Heising was born in 1888 in Minnesota and graduated in electrical engineering from the University of North Dakota in 1912. He went on to earn an M.S. in physics at the University of Wisconsin in 1914 and, the same year, joined the research department of the Western Electric Company New York City. One of his first assignments was to design an experimental two-channel carrier system for wire telephony. At about the same time he developed a successful vacuum-tube voltmeter circuit.
During 1915 Heising participated in the design of a vacuum-tube radio transmitter which could be picked up in France from a site in Arlington, VA. The transmitter used several hundred tubes in parallel to achieve the necessary power for transatlantic experiments. During World War I, he worked on military communication systems and, in the process, invented the Heising constant-current modulator. He authored an IRE paper on modulation published in August 1921 and received the Morris N. Liebmann Award of the IRE in recognition of his contribution to radio modulators. He became an IRE Fellow in 1923. The Heising modulator was used in radio broadcast transmitters constructed by the Western Electric Company in the 1920’s as well as in military applications.
In his June 1925 paper, Heising reported the results of single-sideband radio tests between the United States and Great Britain which had begun during 1923. He included a brief explanation of the technical advantages of single sideband such as lower power requirements and more efficient use of available spectrum. He discussed the use of balanced modulators and electric filters to suppress the carrier and one sideband. He provided details of equipment currently in use for transatlantic radio service using single sideband.

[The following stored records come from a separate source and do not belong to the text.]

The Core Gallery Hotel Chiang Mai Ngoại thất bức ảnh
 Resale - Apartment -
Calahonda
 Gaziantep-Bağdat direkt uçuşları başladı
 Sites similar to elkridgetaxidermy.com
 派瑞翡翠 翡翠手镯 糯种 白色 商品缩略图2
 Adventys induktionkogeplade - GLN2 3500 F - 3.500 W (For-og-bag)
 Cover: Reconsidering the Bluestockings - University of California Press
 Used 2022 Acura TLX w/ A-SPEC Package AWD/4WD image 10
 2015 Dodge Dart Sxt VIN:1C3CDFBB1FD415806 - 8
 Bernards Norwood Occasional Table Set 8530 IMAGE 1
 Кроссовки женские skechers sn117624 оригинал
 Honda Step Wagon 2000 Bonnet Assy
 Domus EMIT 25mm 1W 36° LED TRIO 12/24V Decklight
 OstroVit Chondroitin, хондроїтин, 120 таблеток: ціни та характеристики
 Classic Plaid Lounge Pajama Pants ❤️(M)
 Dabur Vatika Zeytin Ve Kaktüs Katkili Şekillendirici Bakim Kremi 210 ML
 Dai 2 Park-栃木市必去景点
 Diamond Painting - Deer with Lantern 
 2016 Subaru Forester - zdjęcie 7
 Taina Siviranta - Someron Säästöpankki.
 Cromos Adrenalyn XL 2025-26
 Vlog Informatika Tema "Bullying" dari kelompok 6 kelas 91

Heising was elected president of the IRE in 1939 and served several terms on the IRE Board of Directors. He was a leader in the initiation of the professional group system conceived as a way to counter the tendency of new technical interest areas to form independent organizations separate from the IRE. This contribution was cited when he received the IRE Founder’s Medal in 1957. He also was awarded the Armstrong Medal of the Radio Club of America in 1953. Heising received about 125 patents and worked in the patent department of Bell Laboratories from 1945 until his retirement in 1953. He died in 1965 at age 76.